Reducing the surface tension of water will increase the degree to which it will spread over a surface (i.e. its 'wetness'). Raising the temperature of water or adding cleaning agents (surfactants) such as detergent will reduce surface tension. A washing machine is a surface tension reducer! A third method is to physically create turbulence on the surface so that the membrane is broken. Water is sprayed on the spot where a diver will enter the water so that a less painful impact results. OK, since I know by now you will be dying to know how to calculate the surface tension of a liquid, I present to you-

How to determine surface tension by the capillary tube method
What you will need-

  • 1 capillary tube
  • Some liquid (avoid mercury)
  • 1 PC microscope (available for under 100 dollars)
  • 1 PC with printer (most probably you have these)
  • 1 ruler
  • 1 micrometer screw gauge
  • 1 beaker (a transparent cup would do)
  • You will need to know the density of the liquid.
If you don't have a micrometer screw gauge you could try your best with the ruler. First start up your image capture software and clamp the capillary tube into the beaker full of water. Notice the liquid rise up the tube due to a combination of surface tension and adhesive forces with the glass. Now the surface tension (which I will henceforth call Gamma) is the force per unit length along the circumference of the liquid in the tube.
Gamma= F/2*Pi*R
where R is the radius of the tube. This force is balanced out by the force due to gravity, namely the mass of the liquid that has risen multiplied by the acceleration due to gravity g (9.8 ms-2). This mass is the product of volume of liquid in the tube and the density of the liquid (water= 1000 kg m-3). So lets write that out in equation form. Furthermore, the tension force acts parallel to the surface of the liquid where it meets the glass. It is its vertical component which balances gravity. We take care of this by multipying Gamma by Cos(theta) where theta is the angle made between the liquid and the glass.
2*Pi*R*Gamma*Cos(theta)=Volume*density*g
The volume of liquid is best calculated in two parts. First, there is the liquid beneath the lowest part of the meniscus which is at a height h above the level of the main body of water.
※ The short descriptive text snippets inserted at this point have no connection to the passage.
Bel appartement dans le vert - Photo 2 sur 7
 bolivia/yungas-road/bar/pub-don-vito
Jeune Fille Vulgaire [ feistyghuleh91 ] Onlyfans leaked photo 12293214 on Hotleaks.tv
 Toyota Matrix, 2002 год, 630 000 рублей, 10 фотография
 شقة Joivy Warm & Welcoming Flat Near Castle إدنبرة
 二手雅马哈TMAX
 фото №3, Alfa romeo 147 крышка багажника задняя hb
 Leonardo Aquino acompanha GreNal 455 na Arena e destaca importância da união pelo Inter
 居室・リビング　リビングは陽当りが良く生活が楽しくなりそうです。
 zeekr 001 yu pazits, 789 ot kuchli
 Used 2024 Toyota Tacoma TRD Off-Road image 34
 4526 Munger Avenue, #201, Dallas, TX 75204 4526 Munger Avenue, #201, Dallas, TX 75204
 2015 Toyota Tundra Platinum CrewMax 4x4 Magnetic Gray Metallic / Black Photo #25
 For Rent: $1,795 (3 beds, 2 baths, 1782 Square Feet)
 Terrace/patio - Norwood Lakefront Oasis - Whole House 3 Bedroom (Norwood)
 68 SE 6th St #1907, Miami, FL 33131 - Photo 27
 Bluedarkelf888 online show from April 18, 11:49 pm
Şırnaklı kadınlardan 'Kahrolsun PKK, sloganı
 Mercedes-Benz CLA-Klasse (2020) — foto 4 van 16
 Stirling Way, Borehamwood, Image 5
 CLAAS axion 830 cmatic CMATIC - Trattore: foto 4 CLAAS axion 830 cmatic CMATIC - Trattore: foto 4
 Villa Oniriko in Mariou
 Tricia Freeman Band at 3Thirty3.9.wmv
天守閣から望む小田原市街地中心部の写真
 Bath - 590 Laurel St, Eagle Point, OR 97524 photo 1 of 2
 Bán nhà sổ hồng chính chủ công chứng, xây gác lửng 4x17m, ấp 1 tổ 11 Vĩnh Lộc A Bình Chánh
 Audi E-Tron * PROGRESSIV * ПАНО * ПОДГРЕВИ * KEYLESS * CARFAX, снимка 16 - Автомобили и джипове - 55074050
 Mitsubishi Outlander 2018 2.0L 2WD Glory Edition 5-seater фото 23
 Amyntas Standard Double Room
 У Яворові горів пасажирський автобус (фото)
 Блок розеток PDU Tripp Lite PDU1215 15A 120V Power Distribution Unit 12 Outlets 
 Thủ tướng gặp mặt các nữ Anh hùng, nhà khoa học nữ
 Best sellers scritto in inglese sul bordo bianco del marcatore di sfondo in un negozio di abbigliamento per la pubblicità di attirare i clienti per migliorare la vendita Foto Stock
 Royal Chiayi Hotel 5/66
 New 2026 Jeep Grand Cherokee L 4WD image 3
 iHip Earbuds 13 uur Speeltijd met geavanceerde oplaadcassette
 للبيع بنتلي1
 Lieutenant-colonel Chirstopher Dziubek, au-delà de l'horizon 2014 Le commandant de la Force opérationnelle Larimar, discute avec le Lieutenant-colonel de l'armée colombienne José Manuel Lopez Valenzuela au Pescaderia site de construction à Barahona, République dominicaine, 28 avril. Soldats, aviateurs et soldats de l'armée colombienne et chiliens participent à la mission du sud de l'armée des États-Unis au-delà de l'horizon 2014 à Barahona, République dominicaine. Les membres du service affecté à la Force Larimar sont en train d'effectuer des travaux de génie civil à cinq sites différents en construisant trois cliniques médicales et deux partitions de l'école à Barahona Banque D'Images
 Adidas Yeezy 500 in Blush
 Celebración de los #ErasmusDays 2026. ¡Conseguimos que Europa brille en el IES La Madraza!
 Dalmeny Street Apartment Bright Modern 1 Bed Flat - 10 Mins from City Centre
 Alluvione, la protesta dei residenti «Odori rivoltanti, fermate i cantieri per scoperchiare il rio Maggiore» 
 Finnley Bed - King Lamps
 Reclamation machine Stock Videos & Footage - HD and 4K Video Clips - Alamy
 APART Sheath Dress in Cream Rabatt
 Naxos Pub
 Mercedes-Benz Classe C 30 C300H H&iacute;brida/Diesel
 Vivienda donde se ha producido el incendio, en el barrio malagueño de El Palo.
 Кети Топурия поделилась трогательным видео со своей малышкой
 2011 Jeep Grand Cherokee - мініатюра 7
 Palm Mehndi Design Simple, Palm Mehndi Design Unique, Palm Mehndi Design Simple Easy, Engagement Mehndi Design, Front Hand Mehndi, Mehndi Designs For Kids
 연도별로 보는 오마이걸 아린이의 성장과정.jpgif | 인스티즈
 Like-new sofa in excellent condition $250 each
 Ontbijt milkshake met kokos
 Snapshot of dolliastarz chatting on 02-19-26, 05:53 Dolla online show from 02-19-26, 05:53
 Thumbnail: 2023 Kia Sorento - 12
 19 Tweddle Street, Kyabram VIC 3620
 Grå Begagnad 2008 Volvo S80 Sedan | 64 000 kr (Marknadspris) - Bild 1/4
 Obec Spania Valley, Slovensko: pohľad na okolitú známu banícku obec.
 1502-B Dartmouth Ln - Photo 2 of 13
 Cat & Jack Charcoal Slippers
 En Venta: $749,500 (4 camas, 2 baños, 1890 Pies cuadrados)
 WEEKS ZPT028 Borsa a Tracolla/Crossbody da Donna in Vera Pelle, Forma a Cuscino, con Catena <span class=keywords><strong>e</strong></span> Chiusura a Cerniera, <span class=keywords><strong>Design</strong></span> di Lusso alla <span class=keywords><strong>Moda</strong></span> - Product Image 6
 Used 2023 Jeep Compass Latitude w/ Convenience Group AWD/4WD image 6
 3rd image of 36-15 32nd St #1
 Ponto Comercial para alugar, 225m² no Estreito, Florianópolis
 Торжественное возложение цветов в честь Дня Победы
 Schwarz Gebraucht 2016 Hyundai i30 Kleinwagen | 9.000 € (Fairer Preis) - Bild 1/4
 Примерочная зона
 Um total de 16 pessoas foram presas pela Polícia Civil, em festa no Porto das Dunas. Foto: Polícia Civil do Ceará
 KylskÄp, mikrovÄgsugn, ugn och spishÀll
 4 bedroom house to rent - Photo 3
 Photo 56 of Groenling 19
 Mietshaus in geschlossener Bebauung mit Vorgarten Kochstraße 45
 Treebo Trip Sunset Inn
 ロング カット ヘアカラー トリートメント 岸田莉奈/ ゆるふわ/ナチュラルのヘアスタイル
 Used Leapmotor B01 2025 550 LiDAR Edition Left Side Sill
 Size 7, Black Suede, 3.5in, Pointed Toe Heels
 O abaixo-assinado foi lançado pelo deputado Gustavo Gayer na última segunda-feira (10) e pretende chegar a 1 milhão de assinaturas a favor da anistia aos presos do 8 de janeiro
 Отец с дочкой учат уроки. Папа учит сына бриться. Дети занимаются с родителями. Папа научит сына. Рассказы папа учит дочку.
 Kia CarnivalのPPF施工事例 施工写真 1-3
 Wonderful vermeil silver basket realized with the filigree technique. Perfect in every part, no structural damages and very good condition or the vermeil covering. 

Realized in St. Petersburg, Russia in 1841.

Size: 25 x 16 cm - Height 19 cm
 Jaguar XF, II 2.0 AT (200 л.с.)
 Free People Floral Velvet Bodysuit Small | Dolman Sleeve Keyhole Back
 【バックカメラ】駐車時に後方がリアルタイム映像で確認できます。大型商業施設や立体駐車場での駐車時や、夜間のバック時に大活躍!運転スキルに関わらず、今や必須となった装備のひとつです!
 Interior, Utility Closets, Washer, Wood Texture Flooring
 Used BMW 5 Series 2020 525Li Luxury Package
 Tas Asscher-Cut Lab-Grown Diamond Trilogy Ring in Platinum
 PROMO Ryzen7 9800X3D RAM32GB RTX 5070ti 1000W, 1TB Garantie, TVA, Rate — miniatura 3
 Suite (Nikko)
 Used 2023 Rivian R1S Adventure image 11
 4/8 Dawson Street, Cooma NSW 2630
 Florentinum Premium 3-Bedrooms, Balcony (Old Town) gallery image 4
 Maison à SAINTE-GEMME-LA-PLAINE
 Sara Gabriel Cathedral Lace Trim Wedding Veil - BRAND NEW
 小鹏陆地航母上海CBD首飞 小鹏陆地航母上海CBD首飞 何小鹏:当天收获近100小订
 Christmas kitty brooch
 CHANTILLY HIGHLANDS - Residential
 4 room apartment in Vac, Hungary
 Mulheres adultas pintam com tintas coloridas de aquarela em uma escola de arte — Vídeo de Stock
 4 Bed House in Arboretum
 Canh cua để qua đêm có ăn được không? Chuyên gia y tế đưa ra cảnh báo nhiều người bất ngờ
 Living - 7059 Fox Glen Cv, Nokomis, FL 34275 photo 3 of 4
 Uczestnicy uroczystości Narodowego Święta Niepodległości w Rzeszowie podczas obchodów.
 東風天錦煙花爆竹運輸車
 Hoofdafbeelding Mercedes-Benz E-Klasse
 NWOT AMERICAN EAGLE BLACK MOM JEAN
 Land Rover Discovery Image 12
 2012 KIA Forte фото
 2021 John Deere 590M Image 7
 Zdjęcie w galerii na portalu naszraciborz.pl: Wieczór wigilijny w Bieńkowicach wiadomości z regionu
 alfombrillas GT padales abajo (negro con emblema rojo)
This is simply given by the volume of a cylinder Pi*R2h. Next there is the water above the lowest part of the meniscus. In a narrow tube such as this the surface of the water assumes a hemispherical shape of radius R. The volume of this hemisphere is 2/3*PI*R3, while the total cylindrical volume of this section (of height R) is PI*R3. This means the water in this section has volume 1/3*PI*R3 which is equivalent to the volume of a cylinder of height R/3. Thus the total volume of the water in the capillary tube is PI*R2(h+R/3) (it might be helpful to draw a diagram of this). Finally, plug this expression for the volume into the equation above and one has
Gamma=(1/2*Cos(theta))*density*R(h+R/3)
or if you have are using browser that supports such symbols
γ=(1/2Cos(θ))*ρR(h+R/3)
So thats the theory and the apparatus has been set up. Better get on with the experiment in that case. We need to find R, h and theta in order to obtain a value for Gamma.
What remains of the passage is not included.